The R*Tree module is a standard extension to SQLite that provides an index structure that is optimized for multi-dimensional ranged data. The R*Tree name refers to the internal algorithm used to organize and query the stored data. For example, in a two-dimensional R*Tree, the rows might contain rectangles, in the form of a minimum and maximum longitude value, along with a minimum and maximum latitude. Queries can be made to quickly find all of the rows that contain or overlap a specific geological location or area. Adding more dimensions, such as altitude, allows more complex and specific searches.

R*Trees are not limited to just spacial information, but can be used with any type of numeric range data that includes pairs of minimum and maximum values. For example, an R*Tree table might be used to index the start and stop times of events. The index could then quickly return all of the events that were active at a specific point or range of time.

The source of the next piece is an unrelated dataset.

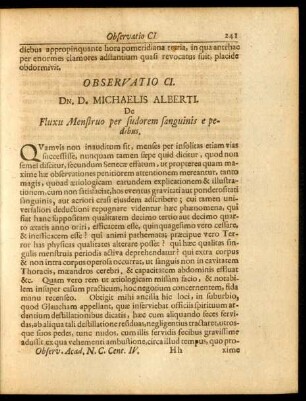 Observationum Physico-Medicarum Academiae Caesareae-Leopoldino Carolinae Naturae Curiosorum Centuriae IV.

The R*Tree implementation included with SQLite can index up to five dimensions of data (five sets of min/max pairs). Tables consist of an integer primary key column, followed by one to five pairs of floating-point columns. This will result in a table with an odd number of 3 to 11 columns. Data values must always be given in pairs. If you wish to store a point, simply use the same value for both the minimum and maximum component.

Generally, R*Trees act as detail tables for more traditional tables. A traditional table can store whatever data is required to define the object in question, including a key reference to the R*Tree data. The R*Tree table is used to hold just the dimensional data.

Multi-dimensional R*Trees, especially those used to store bounding rectangles or bounding volumes, are often approximations of the records they are indexing. In these cases, R*Trees are not always able to provide an exact result set, but are used to efficiently provide a first approximation. Essentially, the R*Tree is used as an initial filter to quickly and efficiently screen out all but a small percentage of the total rows. A more specific (and often more expensive) filter expression can be applied to get the final result set. In most cases, the query optimizer understands how to best utilize the R*Tree, so that it is applied before any other conditional expressions.

R*Trees are quite powerful, but they serve a very specific need. Because of this, we won’t be spending the time to cover all the details. If an R*Tree index sounds like something your application can take advantage of, I encourage you to check out the online documentation (http://www.sqlite.org/rtree.html). This will provide a full description on how to create, populate, and utilize an R*Tree index.